→ Problem to solve:
Using the records below, copy exactly the part that opens with the line holding "How to watch" and closes with the line holding "Brincos Misadorea Voulez-Vous", minus the pictures.

→ The input:
- Opening Delimiter -
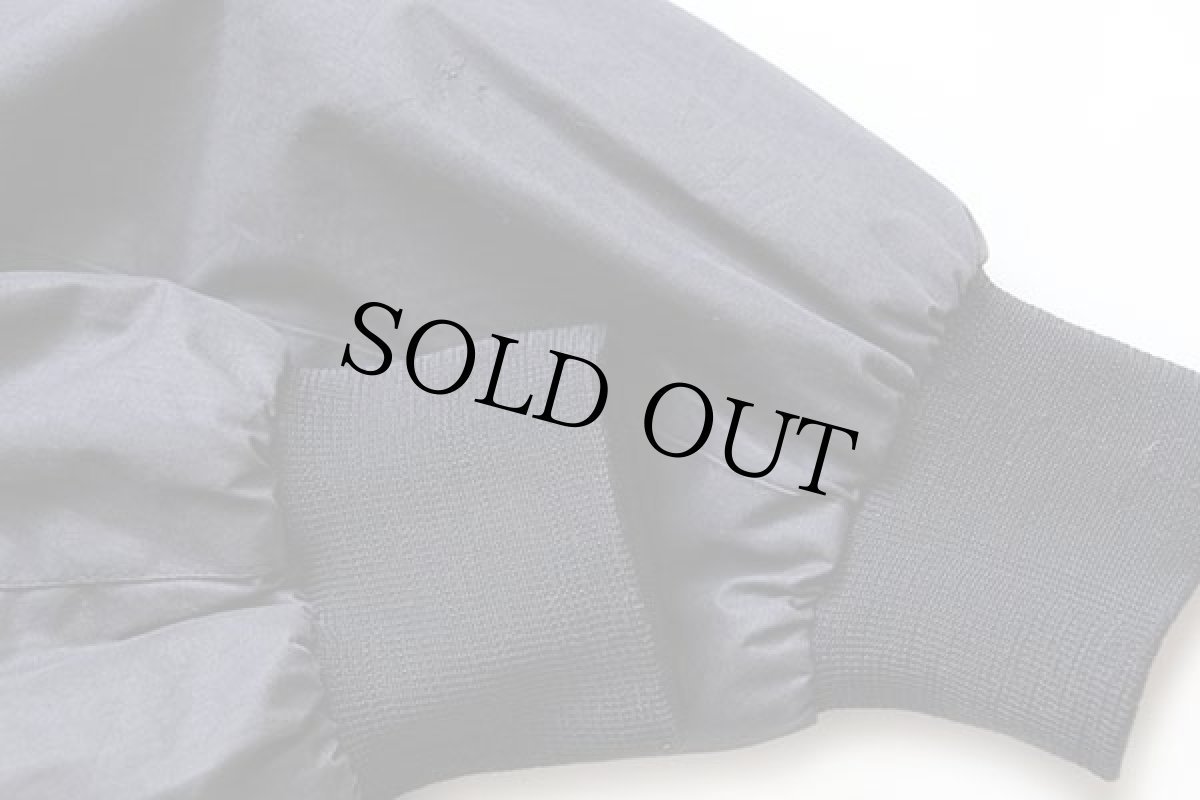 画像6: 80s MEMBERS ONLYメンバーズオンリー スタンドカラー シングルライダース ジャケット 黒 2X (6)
- Closing Delimiter -
- Opening Delimiter -
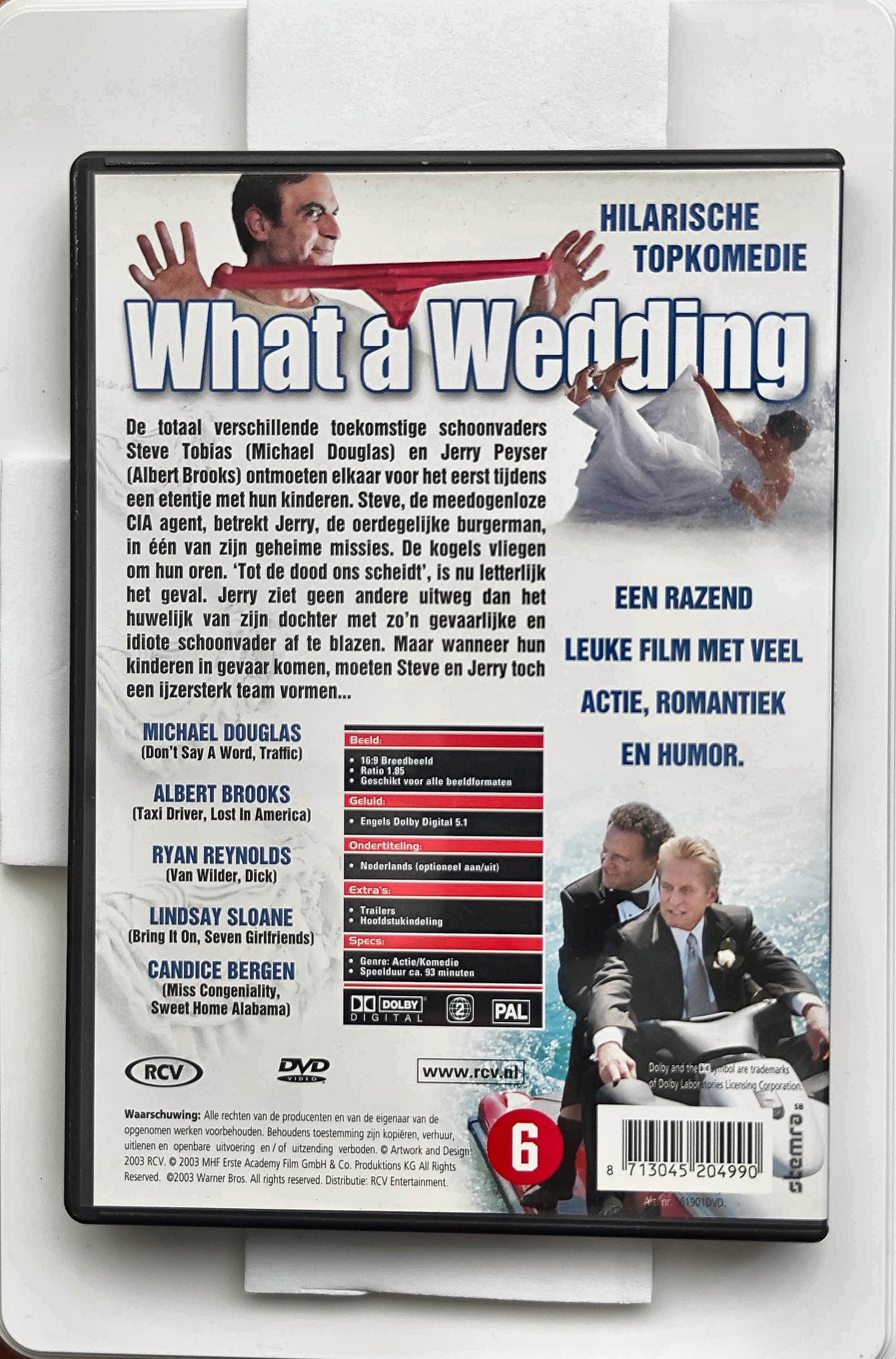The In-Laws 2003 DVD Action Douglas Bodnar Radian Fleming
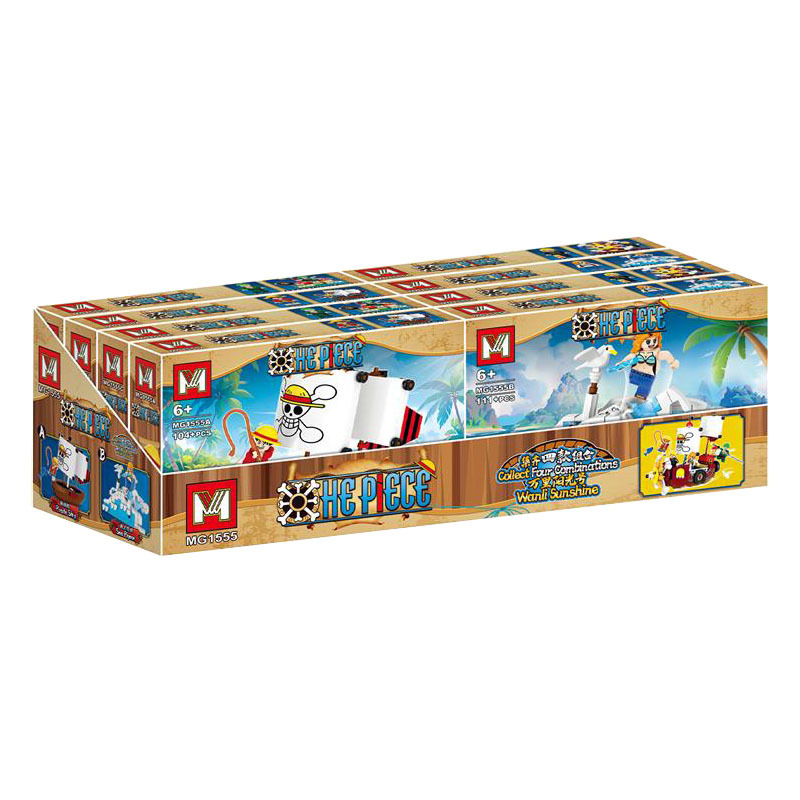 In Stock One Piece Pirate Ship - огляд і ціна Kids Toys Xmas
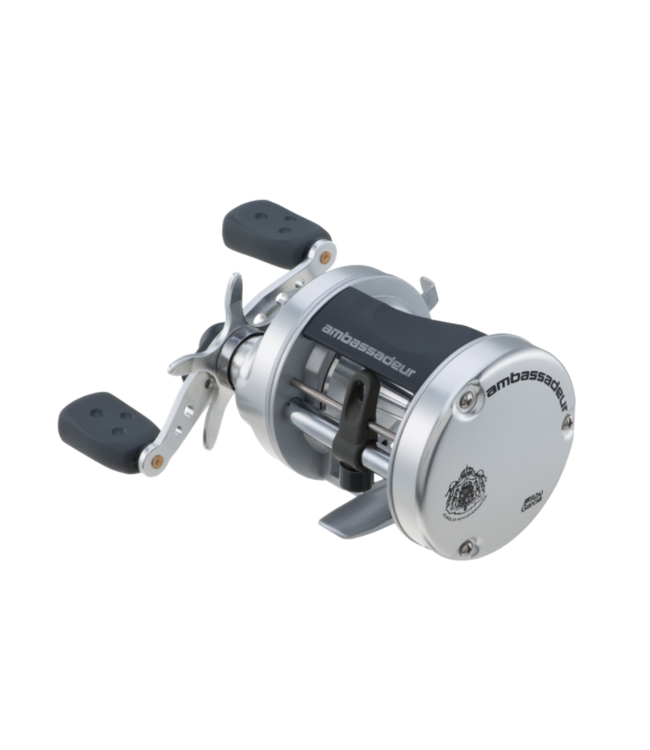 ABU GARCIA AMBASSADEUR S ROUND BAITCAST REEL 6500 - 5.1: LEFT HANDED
- Closing Delimiter -
- Opening Delimiter -
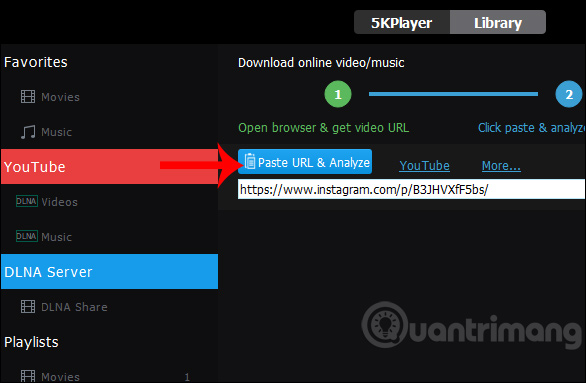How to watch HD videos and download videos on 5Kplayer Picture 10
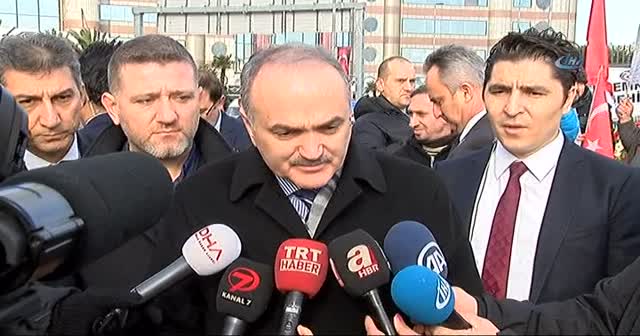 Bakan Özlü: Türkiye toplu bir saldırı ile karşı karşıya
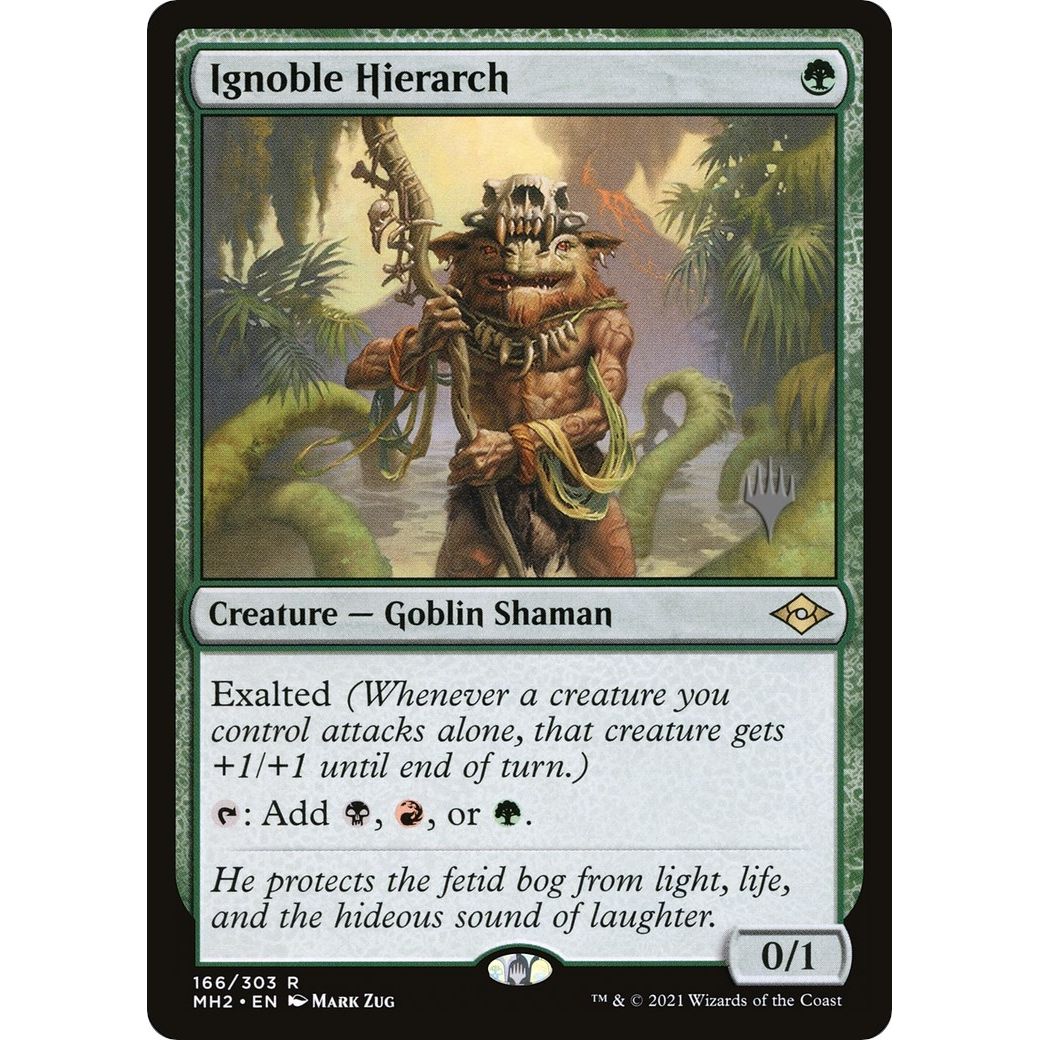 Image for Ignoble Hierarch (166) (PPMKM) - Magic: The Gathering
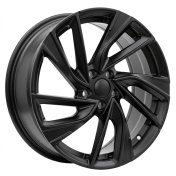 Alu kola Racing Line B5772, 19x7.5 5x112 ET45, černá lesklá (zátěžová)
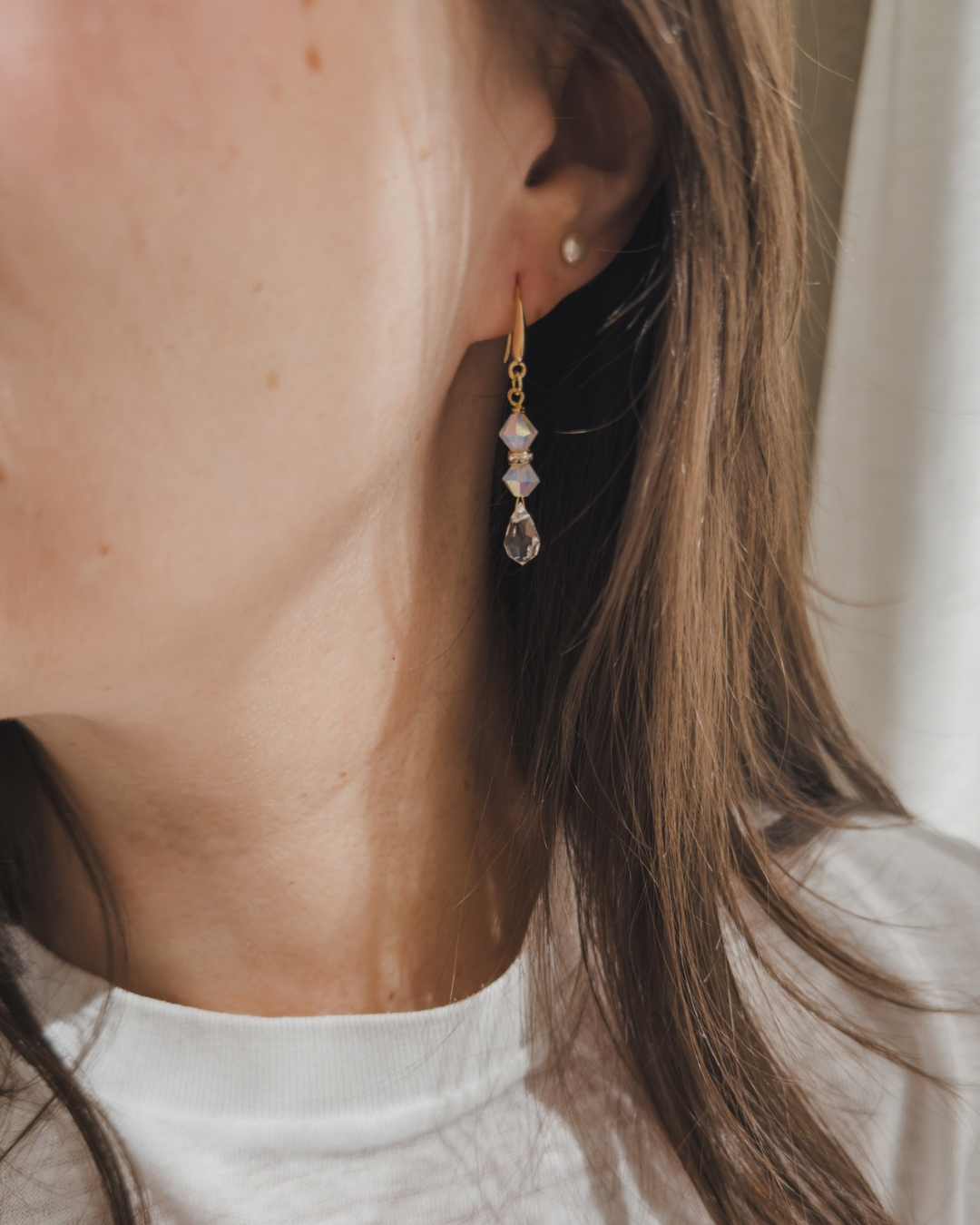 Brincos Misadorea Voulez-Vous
- Closing Delimiter -
→ Response to the task:
How to watch HD videos and download videos on 5Kplayer Picture 10
 Bakan Özlü: Türkiye toplu bir saldırı ile karşı karşıya
 Image for Ignoble Hierarch (166) (PPMKM) - Magic: The Gathering
 Alu kola Racing Line B5772, 19x7.5 5x112 ET45, černá lesklá (zátěžová)
 Brincos Misadorea Voulez-Vous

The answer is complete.